Given information Block Start

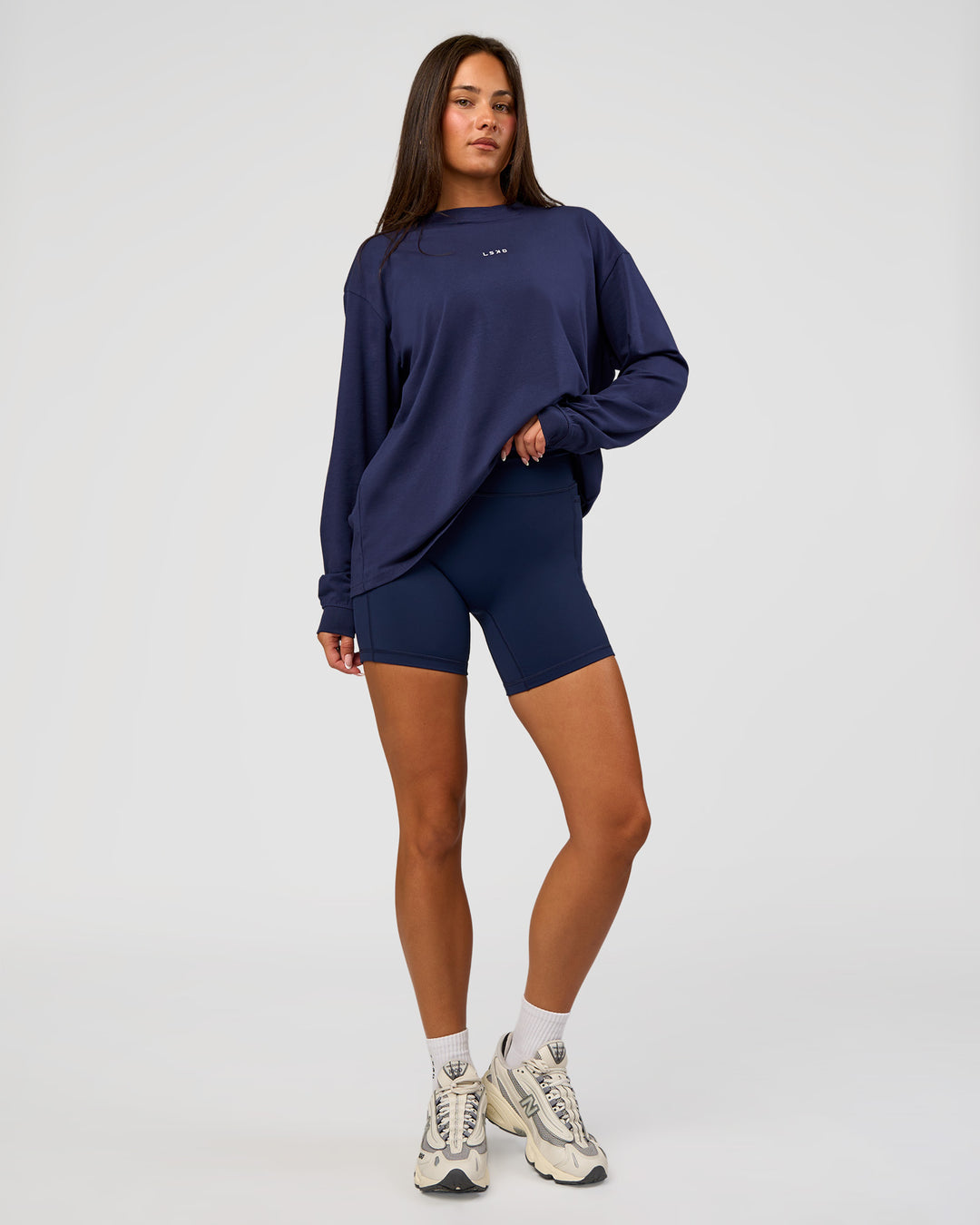 Woman wearing Go-To Long Sleeve FLXCotton Oversized Tee - Future Navy-White | Model:Bianca | Size:S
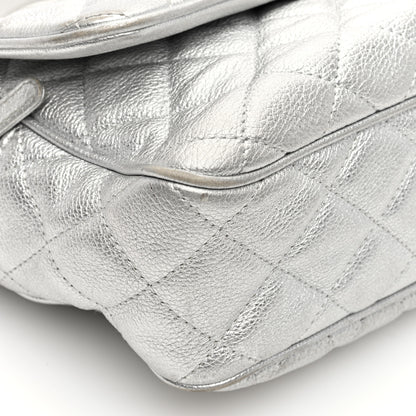 Chanel Metallic Calfskin Quilted Medium Casual Rock Flap Silver 9 of 12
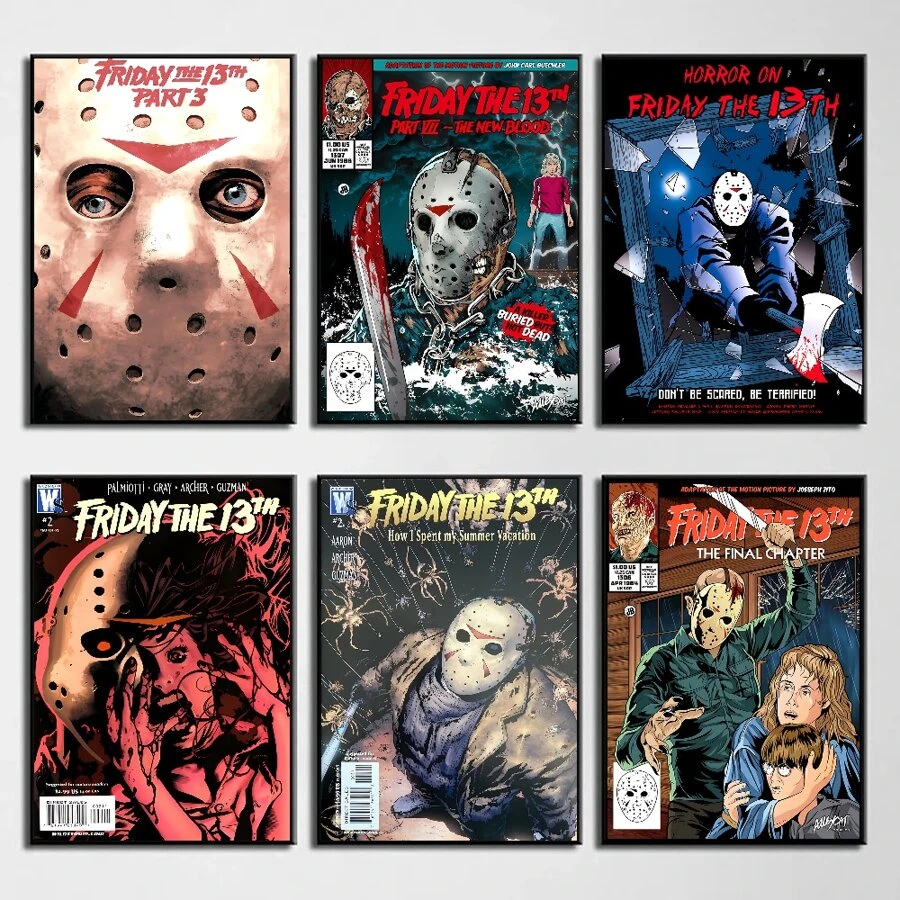 WB 1/10PCS Friday The 13th Horror Films Poster Wall Art Home Decor Room Decor Digital Painting Living Room Restaurant Kitchen Art - Frameless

Given information Block End

• [The problem]: Give back each line above verbatim, dropping every picture.

• [Result of this task]:
 Woman wearing Go-To Long Sleeve FLXCotton Oversized Tee - Future Navy-White | Model:Bianca | Size:S
 Chanel Metallic Calfskin Quilted Medium Casual Rock Flap Silver 9 of 12
 WB 1/10PCS Friday The 13th Horror Films Poster Wall Art Home Decor Room Decor Digital Painting Living Room Restaurant Kitchen Art - Frameless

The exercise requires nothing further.